*PROBLEM*.
Return all of the records below verbatim.

Short web captions:
+ + + +

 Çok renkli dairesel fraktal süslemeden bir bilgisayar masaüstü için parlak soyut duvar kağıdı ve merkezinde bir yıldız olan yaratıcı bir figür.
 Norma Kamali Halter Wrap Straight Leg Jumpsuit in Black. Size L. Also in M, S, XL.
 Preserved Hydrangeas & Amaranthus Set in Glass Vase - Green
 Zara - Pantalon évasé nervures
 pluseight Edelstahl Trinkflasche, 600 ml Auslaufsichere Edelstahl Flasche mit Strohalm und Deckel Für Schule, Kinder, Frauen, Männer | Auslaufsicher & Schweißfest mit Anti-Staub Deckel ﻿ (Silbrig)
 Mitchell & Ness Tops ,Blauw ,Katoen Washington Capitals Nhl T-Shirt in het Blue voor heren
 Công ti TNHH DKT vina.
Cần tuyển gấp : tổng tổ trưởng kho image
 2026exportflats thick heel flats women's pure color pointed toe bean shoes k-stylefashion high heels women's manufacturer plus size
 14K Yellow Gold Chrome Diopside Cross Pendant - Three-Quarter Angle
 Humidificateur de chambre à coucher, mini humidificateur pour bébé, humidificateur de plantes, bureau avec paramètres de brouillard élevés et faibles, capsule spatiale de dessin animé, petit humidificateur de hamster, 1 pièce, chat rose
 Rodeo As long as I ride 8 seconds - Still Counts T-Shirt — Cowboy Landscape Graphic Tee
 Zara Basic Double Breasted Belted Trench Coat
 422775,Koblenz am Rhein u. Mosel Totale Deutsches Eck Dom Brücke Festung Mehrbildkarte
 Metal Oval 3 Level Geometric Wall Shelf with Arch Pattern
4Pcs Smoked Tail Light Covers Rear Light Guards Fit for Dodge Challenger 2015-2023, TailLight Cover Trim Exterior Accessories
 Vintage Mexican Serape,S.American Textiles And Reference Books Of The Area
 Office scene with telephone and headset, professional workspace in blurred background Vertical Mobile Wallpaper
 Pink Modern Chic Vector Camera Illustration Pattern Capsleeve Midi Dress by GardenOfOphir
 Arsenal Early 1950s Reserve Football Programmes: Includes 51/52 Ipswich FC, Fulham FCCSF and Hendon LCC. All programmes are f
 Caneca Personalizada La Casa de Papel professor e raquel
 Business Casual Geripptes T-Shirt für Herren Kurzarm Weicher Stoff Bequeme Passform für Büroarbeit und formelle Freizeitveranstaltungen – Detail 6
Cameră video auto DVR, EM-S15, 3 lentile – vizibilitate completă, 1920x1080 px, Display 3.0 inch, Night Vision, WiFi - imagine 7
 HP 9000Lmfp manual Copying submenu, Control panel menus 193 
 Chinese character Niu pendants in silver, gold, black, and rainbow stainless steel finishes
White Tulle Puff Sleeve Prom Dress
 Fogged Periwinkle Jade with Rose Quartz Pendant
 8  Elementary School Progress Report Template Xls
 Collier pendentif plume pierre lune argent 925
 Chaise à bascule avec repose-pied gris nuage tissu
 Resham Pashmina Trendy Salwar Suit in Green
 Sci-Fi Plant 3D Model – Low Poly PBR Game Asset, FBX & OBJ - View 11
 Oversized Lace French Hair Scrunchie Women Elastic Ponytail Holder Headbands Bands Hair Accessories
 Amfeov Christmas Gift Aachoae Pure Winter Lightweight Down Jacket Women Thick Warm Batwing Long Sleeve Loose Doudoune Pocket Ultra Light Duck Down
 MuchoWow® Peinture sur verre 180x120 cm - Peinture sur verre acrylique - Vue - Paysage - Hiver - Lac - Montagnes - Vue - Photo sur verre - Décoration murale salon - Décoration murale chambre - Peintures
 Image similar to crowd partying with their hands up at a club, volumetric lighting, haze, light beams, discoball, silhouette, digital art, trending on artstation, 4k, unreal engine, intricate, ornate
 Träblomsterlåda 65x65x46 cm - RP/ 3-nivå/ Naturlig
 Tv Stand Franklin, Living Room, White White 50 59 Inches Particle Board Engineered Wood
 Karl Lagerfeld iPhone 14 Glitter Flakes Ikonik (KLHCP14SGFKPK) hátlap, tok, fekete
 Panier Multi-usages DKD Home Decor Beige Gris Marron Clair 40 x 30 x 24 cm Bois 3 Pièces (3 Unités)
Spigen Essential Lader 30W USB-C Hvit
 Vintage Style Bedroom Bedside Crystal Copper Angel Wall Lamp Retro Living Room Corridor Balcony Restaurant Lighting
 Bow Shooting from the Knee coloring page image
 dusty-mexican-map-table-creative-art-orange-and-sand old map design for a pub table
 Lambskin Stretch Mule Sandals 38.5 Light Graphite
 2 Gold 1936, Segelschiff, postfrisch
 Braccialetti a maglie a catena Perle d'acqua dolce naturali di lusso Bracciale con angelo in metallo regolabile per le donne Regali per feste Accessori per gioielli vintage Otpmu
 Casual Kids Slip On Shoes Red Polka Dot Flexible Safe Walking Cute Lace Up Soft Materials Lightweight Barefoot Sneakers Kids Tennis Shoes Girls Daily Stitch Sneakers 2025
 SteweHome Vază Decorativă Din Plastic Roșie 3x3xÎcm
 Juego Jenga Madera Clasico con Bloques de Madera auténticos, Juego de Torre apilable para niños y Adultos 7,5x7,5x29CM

+ + + +

*ANSWER FOR THIS EXERCISE*.
 Çok renkli dairesel fraktal süslemeden bir bilgisayar masaüstü için parlak soyut duvar kağıdı ve merkezinde bir yıldız olan yaratıcı bir figür.
 Norma Kamali Halter Wrap Straight Leg Jumpsuit in Black. Size L. Also in M, S, XL.
 Preserved Hydrangeas & Amaranthus Set in Glass Vase - Green
 Zara - Pantalon évasé nervures
 pluseight Edelstahl Trinkflasche, 600 ml Auslaufsichere Edelstahl Flasche mit Strohalm und Deckel Für Schule, Kinder, Frauen, Männer | Auslaufsicher & Schweißfest mit Anti-Staub Deckel ﻿ (Silbrig)
 Mitchell & Ness Tops ,Blauw ,Katoen Washington Capitals Nhl T-Shirt in het Blue voor heren
 Công ti TNHH DKT vina.
Cần tuyển gấp : tổng tổ trưởng kho image
 2026exportflats thick heel flats women's pure color pointed toe bean shoes k-stylefashion high heels women's manufacturer plus size
 14K Yellow Gold Chrome Diopside Cross Pendant - Three-Quarter Angle
 Humidificateur de chambre à coucher, mini humidificateur pour bébé, humidificateur de plantes, bureau avec paramètres de brouillard élevés et faibles, capsule spatiale de dessin animé, petit humidificateur de hamster, 1 pièce, chat rose
 Rodeo As long as I ride 8 seconds - Still Counts T-Shirt — Cowboy Landscape Graphic Tee
 Zara Basic Double Breasted Belted Trench Coat
 422775,Koblenz am Rhein u. Mosel Totale Deutsches Eck Dom Brücke Festung Mehrbildkarte
 Metal Oval 3 Level Geometric Wall Shelf with Arch Pattern
4Pcs Smoked Tail Light Covers Rear Light Guards Fit for Dodge Challenger 2015-2023, TailLight Cover Trim Exterior Accessories
 Vintage Mexican Serape,S.American Textiles And Reference Books Of The Area
 Office scene with telephone and headset, professional workspace in blurred background Vertical Mobile Wallpaper
 Pink Modern Chic Vector Camera Illustration Pattern Capsleeve Midi Dress by GardenOfOphir
 Arsenal Early 1950s Reserve Football Programmes: Includes 51/52 Ipswich FC, Fulham FCCSF and Hendon LCC. All programmes are f
 Caneca Personalizada La Casa de Papel professor e raquel
 Business Casual Geripptes T-Shirt für Herren Kurzarm Weicher Stoff Bequeme Passform für Büroarbeit und formelle Freizeitveranstaltungen – Detail 6
Cameră video auto DVR, EM-S15, 3 lentile – vizibilitate completă, 1920x1080 px, Display 3.0 inch, Night Vision, WiFi - imagine 7
 HP 9000Lmfp manual Copying submenu, Control panel menus 193 
 Chinese character Niu pendants in silver, gold, black, and rainbow stainless steel finishes
White Tulle Puff Sleeve Prom Dress
 Fogged Periwinkle Jade with Rose Quartz Pendant
 8  Elementary School Progress Report Template Xls
 Collier pendentif plume pierre lune argent 925
 Chaise à bascule avec repose-pied gris nuage tissu
 Resham Pashmina Trendy Salwar Suit in Green
 Sci-Fi Plant 3D Model – Low Poly PBR Game Asset, FBX & OBJ - View 11
 Oversized Lace French Hair Scrunchie Women Elastic Ponytail Holder Headbands Bands Hair Accessories
 Amfeov Christmas Gift Aachoae Pure Winter Lightweight Down Jacket Women Thick Warm Batwing Long Sleeve Loose Doudoune Pocket Ultra Light Duck Down
 MuchoWow® Peinture sur verre 180x120 cm - Peinture sur verre acrylique - Vue - Paysage - Hiver - Lac - Montagnes - Vue - Photo sur verre - Décoration murale salon - Décoration murale chambre - Peintures
 Image similar to crowd partying with their hands up at a club, volumetric lighting, haze, light beams, discoball, silhouette, digital art, trending on artstation, 4k, unreal engine, intricate, ornate
 Träblomsterlåda 65x65x46 cm - RP/ 3-nivå/ Naturlig
 Tv Stand Franklin, Living Room, White White 50 59 Inches Particle Board Engineered Wood
 Karl Lagerfeld iPhone 14 Glitter Flakes Ikonik (KLHCP14SGFKPK) hátlap, tok, fekete
 Panier Multi-usages DKD Home Decor Beige Gris Marron Clair 40 x 30 x 24 cm Bois 3 Pièces (3 Unités)
Spigen Essential Lader 30W USB-C Hvit
 Vintage Style Bedroom Bedside Crystal Copper Angel Wall Lamp Retro Living Room Corridor Balcony Restaurant Lighting
 Bow Shooting from the Knee coloring page image
 dusty-mexican-map-table-creative-art-orange-and-sand old map design for a pub table
 Lambskin Stretch Mule Sandals 38.5 Light Graphite
 2 Gold 1936, Segelschiff, postfrisch
 Braccialetti a maglie a catena Perle d'acqua dolce naturali di lusso Bracciale con angelo in metallo regolabile per le donne Regali per feste Accessori per gioielli vintage Otpmu
 Casual Kids Slip On Shoes Red Polka Dot Flexible Safe Walking Cute Lace Up Soft Materials Lightweight Barefoot Sneakers Kids Tennis Shoes Girls Daily Stitch Sneakers 2025
 SteweHome Vază Decorativă Din Plastic Roșie 3x3xÎcm
 Juego Jenga Madera Clasico con Bloques de Madera auténticos, Juego de Torre apilable para niños y Adultos 7,5x7,5x29CM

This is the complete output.